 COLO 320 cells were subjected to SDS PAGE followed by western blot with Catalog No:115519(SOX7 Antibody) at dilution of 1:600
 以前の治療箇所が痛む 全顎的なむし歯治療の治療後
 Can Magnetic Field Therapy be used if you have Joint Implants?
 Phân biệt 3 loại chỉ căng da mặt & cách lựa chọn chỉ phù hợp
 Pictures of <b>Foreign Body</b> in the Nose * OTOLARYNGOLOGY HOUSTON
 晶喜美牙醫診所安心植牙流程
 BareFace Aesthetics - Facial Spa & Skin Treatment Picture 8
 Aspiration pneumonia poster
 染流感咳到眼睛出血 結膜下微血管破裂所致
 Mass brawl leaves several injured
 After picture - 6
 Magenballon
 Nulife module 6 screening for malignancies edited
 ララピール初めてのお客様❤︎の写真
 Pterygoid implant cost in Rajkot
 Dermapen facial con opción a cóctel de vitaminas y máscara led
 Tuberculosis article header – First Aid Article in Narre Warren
━━━━━━━━
### Work request
All lines from the one that contains "ララピール初めてのお客様❤︎の写真" to the end of the records above are to be copied exactly; leave out the rest.

### Result
 ララピール初めてのお客様❤︎の写真
 Pterygoid implant cost in Rajkot
 Dermapen facial con opción a cóctel de vitaminas y máscara led
 Tuberculosis article header – First Aid Article in Narre Warren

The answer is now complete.